On a night without light pollution we could see up to 8,000 stars in the sky. Photons that have come out of these stars have traveled enormous distances - thousands of light years - in the cosmos until sensitive cells in their eyes interpret them. And Betelgeuse is one of the best known, after all it is part of a more famous constellations.


Betelgeuse is a star of the Orion Constellation and is located just over 650 light-years from Earth. This means that its light takes 650 years to reach us, and so we are seeing its past.

It is a supergiant red type star, it is 14 times more massive than the Sun and can light our skies at any time in a beautiful explosion called supernova. Betelgeuse being that type of star, she already starts her life very big and spends her fuel very quickly. While our star, the Sun, is still in the process of becoming a middle-aged star, "Bethel" is already dying.

The star is currently the brightest 10th in the night sky, and when it becomes a supernova, it may shine on a scale similar to a full moon night. But when it will be, we still do not know for sure. It may be tonight, but a thousand years from now.
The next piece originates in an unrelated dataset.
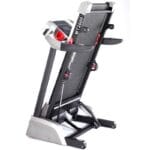 تردمیل خانگی پاورمکس MT2600 تصویر 6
Distance is important here. If it explodes today, it is only 650 years from now that the event can be seen. However, if the event of the explosion happened 650 years ago, at any moment the bright little pot will brighten up in the sky in a cosmic spectacle.

Some astronomers estimate that the event will occur in 100,000 years, however, there is a constant work that tries to reduce that number. But as long as there is nothing more absolute about the date of the event, do not neglect it every night as you look at thinking that at any moment an epic event may be before your eyes. Explode, Betelgeuse!